Yes, I've been on antibiotics for almost four weeks now. I'm just not sure how early we caught it though, so I'm not sure what the med staff will say of that.


----------



## aesop081 (5 Jul 2012)

gobelin said:
			
		

> so I'm not sure what the med staff will say of that.



You're not going to find out here.


----------



## cupper (5 Jul 2012)

gobelin said:
			
		

> Yes, I've been on antibiotics for almost four weeks now. I'm just not sure how early we caught it though, so I'm not sure what the med staff will say of that.



Count yourself lucky.
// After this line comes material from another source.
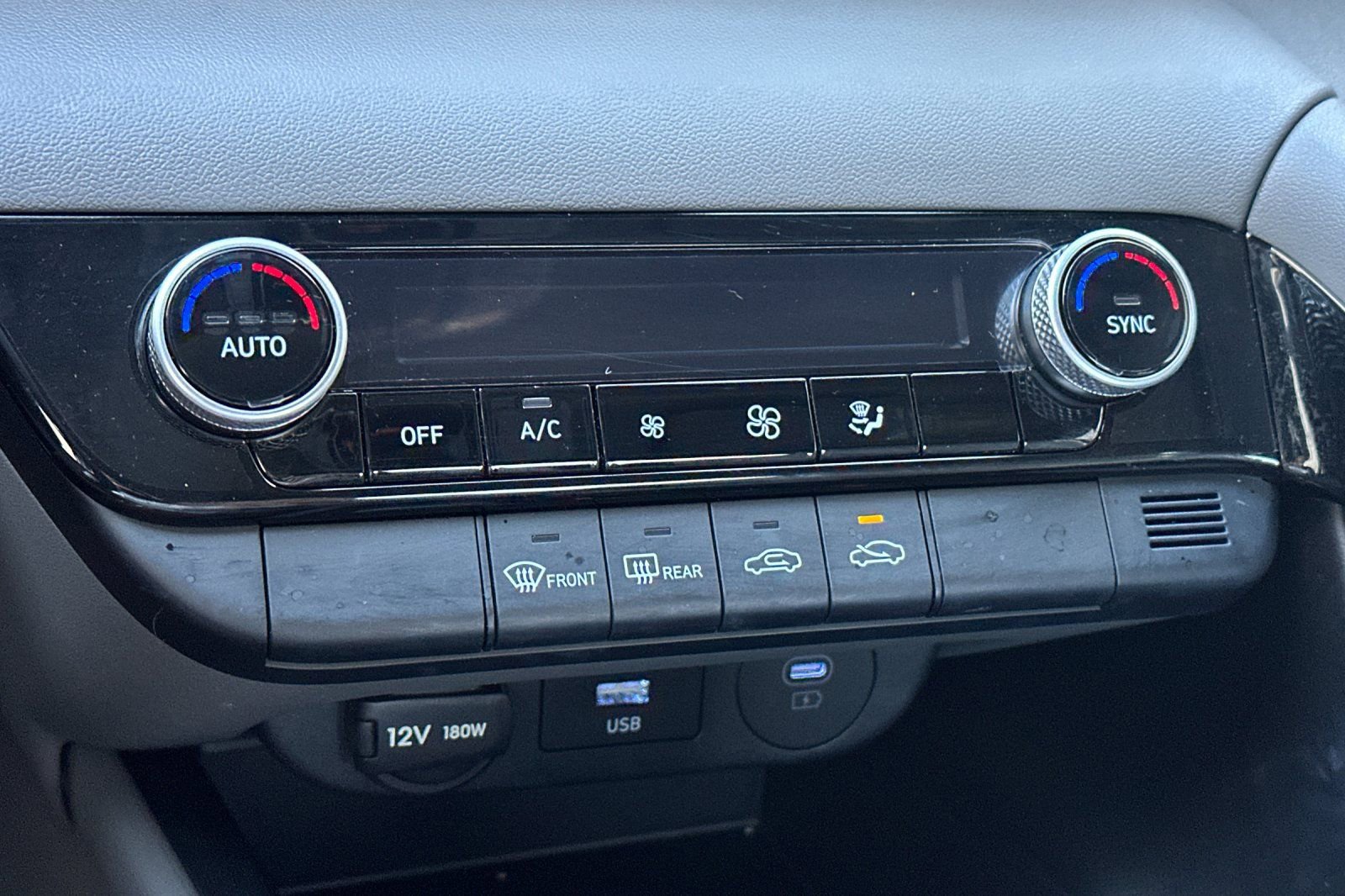 Certified 2025 Hyundai Elantra Blue image 21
Until recently, quite a few jurisdictions in Canada didn't even believe that Lyme disease could be found outside the US.

Also count yourself lucky that they may have caught it early. A coworker has a son who came down with it two years ago, and it has been a major ordeal ever since.


----------



## Nemo888 (5 Jul 2012)

Catch it early and 20$ of antibiotics will cure you. I had it in 2008 an blew it off with 10 days of Doxy IIRC.  I think that has been upped to 14 days now.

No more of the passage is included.